Omitting all pictures, retype the entries below exactly as given.

---+---

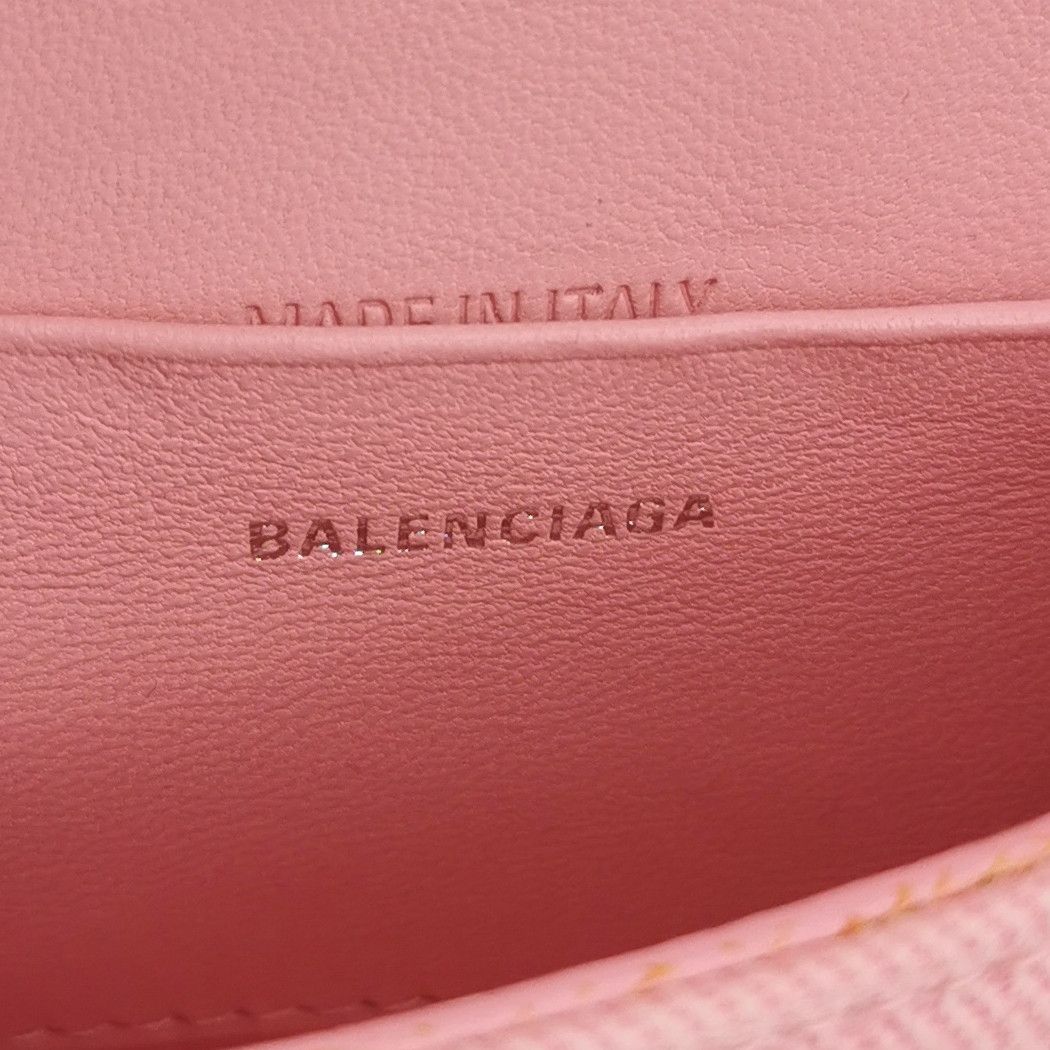 Balenciaga Balenciaga Women os Crossbody Bags Size ONE SIZE - 8 Thumbnail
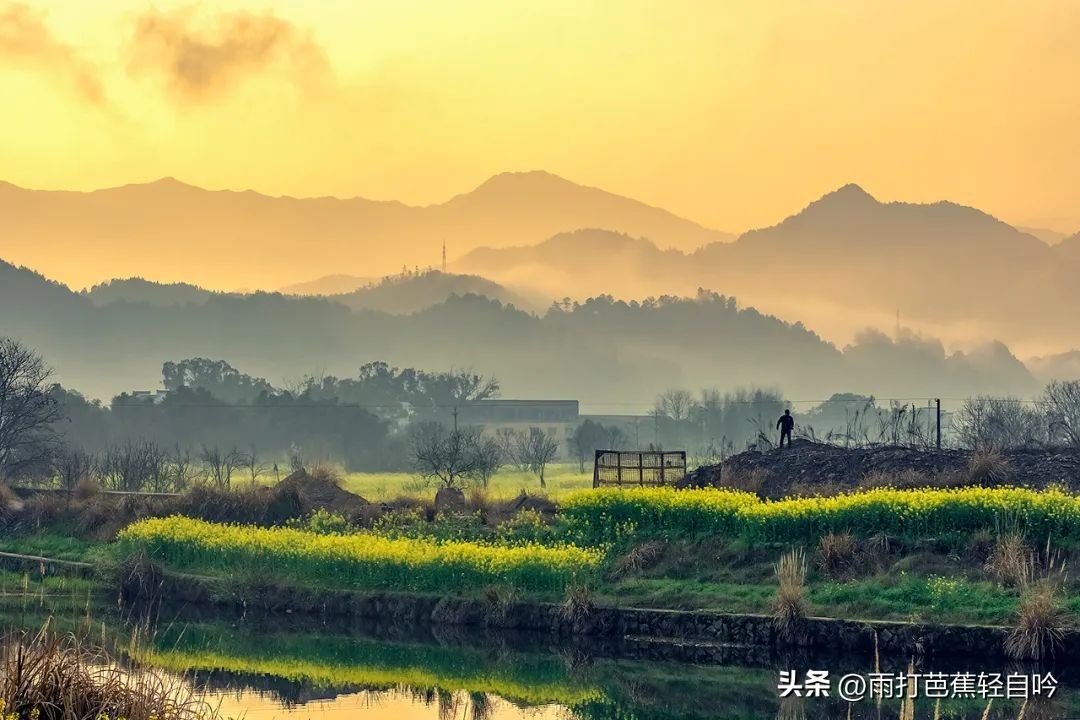 中国唯一被封禁1000年的地方，任何人都不能进入，美到窒息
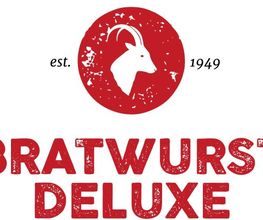 Bratwurst de Luxe Logo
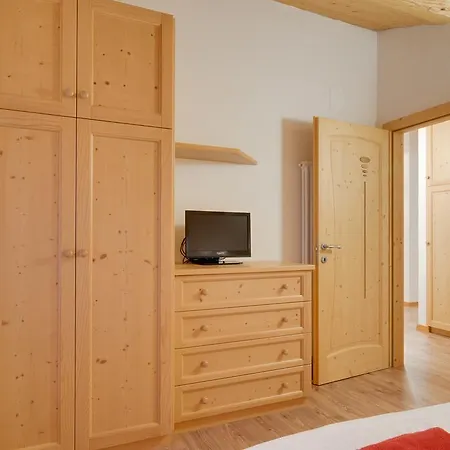 Apartments Trettel Apartment Tesero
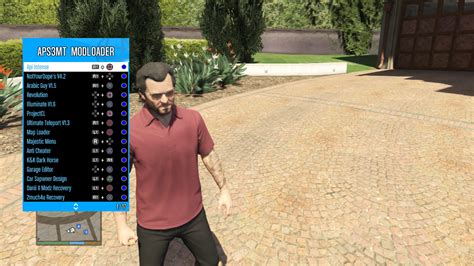 Mods For Gta 5 Ps3 – Telegraph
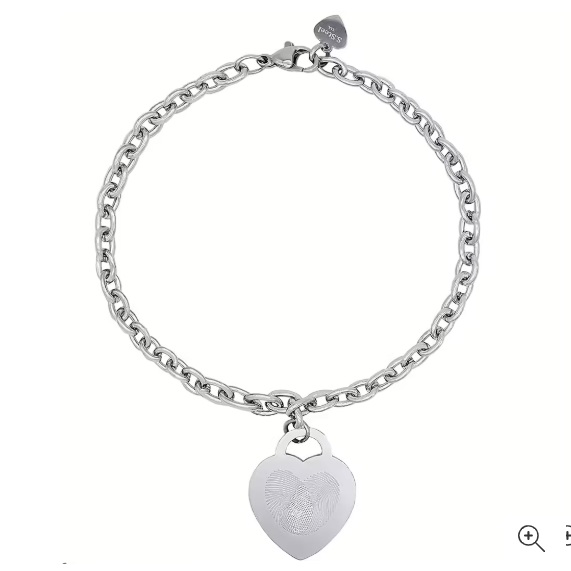 Bracciale Amen Emotion EMACBRCUB4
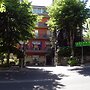 Villa Robinia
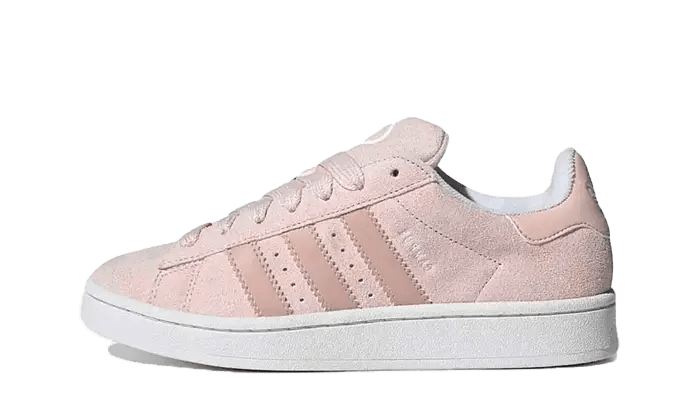 Adidas Campus 00s Putty Mauve - NOISEPLUG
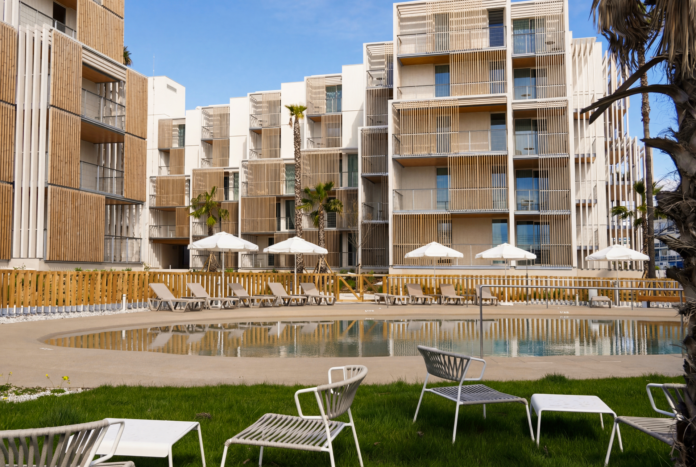 Nuevas Visitas Privadas en Kategora Oceanika: Una Inversión Hotelera en Nuevas visitas privadas en Kategora Oceanika, una inversión hotelera ya operativa en la Costa del Sol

---+---

_Written response_.
 Balenciaga Balenciaga Women os Crossbody Bags Size ONE SIZE - 8 Thumbnail
 中国唯一被封禁1000年的地方，任何人都不能进入，美到窒息
 Bratwurst de Luxe Logo
 Apartments Trettel Apartment Tesero
 Mods For Gta 5 Ps3 – Telegraph
 Bracciale Amen Emotion EMACBRCUB4
 Villa Robinia
 Adidas Campus 00s Putty Mauve - NOISEPLUG
 Nuevas Visitas Privadas en Kategora Oceanika: Una Inversión Hotelera en Nuevas visitas privadas en Kategora Oceanika, una inversión hotelera ya operativa en la Costa del Sol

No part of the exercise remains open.